Uasin Gishu County Education boss Gitonga Mbaka told the Nation that they are in the process of mapping learners who are not in school.
In Nairobi, 2,817 Grade 4 learners in public schools had not reported in November, with boys being the majority at 1,472.
Standard 8 learners had a better turn up rate, but 1,529 Kenya Certificate of Primary Education Candidates (KCPE) failed to report back to school. Similarly, 775 Form 4 candidates in the city did not go back to school.
“The numbers must have improved by now given that many parents were sceptical when we opened,” an official told the Nation.
In Meru, there are efforts to trace 8,758 candidates who have not yet reported to school. While 3,440 KCPE candidates have not reported, 5,318 Kenya Certificate of Secondary Education (KCSE) are still at large.
There are 29,061 and 24,342 KCPE and KCSE candidates in the county, respectively. Some areas have recorded up to 90 per cent turnout but only 26 per cent of KCSE candidates have reported to schools in Buuri sub-county.
According to the data, of the 536 boys in Form Four in the area, 189 had reported while only 47 girls showed up out of the 364 expected.
County director of Education Milton Nzioka said after capturing the data on the number of children who had not reported, they had mobilised administrators to find out why they were not in school.
“We’ve been informed that some girls are pregnant while others got married, yet some boys decided to drop out and engage in small businesses. Our detailed data will capture all these reasons,” Mr Nzioka said.
In Murang’a, Grade 4, Standard 8 and Form 4 students had reported at an average of 94, 89 and 95 per cent, respectively. However, in neighbouring Nyeri, nearly 100 per cent of learners had returned to school.
Grade 4 learners
“We asked the head teachers and principals to follow up and discuss with the parents of those who had not returned,” the county director of education, Sabina Aroni, said.
And in Tharaka Nithi, the county director of education, Mrs Bridget Wambua, told the Nation that 10,279 Form 4 students, accounting for 93.9 per cent of the total enrolment are back in class.

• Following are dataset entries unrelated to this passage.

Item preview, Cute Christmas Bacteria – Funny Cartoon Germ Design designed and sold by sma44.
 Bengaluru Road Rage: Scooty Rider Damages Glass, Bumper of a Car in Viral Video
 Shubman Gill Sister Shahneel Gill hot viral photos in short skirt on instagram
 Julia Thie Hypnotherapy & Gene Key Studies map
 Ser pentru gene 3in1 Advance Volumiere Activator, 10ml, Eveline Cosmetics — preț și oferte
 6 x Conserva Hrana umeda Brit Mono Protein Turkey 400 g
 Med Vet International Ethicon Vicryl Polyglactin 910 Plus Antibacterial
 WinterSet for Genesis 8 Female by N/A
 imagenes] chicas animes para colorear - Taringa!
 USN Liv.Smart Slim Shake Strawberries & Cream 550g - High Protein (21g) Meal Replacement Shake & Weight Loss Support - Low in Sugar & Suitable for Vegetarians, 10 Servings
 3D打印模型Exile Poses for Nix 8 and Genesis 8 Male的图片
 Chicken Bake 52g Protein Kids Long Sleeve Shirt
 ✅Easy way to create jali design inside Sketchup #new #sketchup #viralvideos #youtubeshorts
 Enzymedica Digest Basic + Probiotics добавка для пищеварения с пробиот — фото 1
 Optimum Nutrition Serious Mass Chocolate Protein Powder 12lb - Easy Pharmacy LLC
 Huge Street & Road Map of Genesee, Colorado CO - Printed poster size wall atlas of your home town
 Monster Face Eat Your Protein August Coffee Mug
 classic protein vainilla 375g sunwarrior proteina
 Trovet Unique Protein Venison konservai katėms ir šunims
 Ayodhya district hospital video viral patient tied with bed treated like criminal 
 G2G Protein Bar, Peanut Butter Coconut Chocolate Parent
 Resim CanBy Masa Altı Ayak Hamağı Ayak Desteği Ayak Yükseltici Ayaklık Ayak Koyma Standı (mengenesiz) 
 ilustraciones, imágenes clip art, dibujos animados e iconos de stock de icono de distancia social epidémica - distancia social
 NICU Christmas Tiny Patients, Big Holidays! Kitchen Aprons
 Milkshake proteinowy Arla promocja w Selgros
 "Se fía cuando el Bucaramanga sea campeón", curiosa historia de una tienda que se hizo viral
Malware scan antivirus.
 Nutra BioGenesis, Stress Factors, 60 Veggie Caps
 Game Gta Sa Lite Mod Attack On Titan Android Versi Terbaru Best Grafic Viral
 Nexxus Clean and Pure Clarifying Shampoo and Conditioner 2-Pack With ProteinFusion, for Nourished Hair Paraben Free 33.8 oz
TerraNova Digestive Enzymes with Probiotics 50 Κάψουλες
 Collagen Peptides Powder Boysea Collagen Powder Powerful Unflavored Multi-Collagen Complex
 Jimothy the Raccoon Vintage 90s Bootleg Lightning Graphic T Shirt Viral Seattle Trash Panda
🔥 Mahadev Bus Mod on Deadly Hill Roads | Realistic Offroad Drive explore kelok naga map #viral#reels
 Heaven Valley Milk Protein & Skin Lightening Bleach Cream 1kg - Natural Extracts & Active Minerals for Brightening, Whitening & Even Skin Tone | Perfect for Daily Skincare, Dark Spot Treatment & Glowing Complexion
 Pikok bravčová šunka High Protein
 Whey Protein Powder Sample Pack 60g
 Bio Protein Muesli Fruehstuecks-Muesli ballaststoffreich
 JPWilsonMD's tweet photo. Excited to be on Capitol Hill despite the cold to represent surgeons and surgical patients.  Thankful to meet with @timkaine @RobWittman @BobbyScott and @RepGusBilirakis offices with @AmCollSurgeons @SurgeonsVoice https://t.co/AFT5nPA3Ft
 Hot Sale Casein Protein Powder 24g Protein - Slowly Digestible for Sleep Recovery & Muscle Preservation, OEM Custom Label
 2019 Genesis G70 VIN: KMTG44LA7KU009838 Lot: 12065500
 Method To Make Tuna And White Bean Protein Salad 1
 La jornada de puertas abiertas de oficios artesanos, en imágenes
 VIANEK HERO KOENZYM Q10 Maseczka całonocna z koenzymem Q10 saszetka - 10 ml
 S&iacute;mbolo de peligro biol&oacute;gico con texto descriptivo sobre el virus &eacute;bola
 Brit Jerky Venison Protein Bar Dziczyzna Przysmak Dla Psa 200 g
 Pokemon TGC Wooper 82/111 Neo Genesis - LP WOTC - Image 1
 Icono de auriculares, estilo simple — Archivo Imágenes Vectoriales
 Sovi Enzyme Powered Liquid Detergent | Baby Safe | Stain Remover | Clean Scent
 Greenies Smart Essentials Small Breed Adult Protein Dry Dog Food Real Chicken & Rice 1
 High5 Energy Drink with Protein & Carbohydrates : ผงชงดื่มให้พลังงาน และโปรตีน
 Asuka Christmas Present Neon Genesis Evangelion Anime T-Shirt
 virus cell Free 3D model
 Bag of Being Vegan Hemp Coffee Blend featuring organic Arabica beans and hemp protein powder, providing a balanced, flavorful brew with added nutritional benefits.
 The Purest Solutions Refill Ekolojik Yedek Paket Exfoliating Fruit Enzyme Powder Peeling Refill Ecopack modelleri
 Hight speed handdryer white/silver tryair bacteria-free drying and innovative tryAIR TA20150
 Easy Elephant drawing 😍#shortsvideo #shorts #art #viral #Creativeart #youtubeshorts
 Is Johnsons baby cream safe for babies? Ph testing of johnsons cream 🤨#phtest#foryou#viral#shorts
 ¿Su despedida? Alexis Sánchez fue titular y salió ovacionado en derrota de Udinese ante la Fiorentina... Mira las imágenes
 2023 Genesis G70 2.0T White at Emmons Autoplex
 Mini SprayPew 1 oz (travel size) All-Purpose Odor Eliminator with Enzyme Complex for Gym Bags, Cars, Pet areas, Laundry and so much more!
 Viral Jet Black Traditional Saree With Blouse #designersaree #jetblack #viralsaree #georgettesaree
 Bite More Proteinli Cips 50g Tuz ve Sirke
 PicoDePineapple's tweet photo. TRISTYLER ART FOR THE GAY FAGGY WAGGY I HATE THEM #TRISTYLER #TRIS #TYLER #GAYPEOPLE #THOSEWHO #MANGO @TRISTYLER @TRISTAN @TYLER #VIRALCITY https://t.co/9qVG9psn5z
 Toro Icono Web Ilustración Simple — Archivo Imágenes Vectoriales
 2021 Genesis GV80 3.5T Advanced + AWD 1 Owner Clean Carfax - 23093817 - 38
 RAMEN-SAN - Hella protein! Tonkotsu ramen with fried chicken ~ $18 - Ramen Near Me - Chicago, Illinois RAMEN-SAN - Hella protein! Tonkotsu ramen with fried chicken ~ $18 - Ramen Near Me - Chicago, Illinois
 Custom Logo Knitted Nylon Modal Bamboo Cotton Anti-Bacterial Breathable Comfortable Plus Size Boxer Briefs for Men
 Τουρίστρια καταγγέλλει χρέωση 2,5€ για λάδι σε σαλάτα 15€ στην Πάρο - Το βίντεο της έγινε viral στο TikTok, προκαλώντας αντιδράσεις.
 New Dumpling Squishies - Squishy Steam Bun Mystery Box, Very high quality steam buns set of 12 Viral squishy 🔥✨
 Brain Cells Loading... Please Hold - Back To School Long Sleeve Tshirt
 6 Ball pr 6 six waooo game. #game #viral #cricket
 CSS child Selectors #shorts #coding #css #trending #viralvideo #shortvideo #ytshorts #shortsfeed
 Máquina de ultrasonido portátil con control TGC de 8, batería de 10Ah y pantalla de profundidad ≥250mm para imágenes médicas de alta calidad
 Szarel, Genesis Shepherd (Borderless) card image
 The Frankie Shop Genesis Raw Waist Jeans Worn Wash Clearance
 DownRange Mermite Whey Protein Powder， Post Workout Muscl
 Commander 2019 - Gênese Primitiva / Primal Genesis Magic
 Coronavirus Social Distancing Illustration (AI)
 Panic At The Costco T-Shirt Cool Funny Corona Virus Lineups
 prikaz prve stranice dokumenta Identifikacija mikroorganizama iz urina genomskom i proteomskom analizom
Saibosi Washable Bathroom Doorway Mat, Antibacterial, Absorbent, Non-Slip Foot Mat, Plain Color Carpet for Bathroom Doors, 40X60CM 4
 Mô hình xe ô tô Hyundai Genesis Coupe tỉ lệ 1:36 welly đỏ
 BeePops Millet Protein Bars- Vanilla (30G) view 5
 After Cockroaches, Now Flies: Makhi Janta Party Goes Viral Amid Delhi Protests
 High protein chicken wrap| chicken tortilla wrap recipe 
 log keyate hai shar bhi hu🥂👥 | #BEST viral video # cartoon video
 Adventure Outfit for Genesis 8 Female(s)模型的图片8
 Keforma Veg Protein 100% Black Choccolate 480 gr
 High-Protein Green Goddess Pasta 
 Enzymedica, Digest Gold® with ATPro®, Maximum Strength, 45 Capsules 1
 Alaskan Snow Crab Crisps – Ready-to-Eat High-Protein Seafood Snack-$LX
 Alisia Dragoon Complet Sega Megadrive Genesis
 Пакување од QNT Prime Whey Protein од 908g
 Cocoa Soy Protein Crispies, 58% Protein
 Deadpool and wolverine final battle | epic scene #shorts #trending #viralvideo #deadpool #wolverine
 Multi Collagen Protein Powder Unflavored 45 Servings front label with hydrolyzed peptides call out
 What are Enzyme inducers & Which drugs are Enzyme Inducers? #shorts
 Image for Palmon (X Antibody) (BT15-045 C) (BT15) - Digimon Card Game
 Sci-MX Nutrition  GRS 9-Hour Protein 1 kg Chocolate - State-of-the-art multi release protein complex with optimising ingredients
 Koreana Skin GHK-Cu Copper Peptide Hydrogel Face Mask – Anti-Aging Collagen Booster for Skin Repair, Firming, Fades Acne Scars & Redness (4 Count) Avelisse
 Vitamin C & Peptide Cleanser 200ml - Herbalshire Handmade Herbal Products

She said 12,182 Standard 8 and 10,218 Grade 4 learners, translating to 95.9 per cent of the two classes, have also reported back.
Most of the learners who are yet to resume classes in Mombasa County are said to have relocated upcountry after their parents lost jobs in the wake of the Covid-19 pandemic.
Kuppet Kisumu branch secretary Zablon Awange said girls have dropped out after getting pregnant and being married off while some boys have quit school to engage in fishing and bodaboda business.
Homa Bay County Education Network coordinator Julius Omuga said the number of learners who are out of school was higher than what education officials were citing.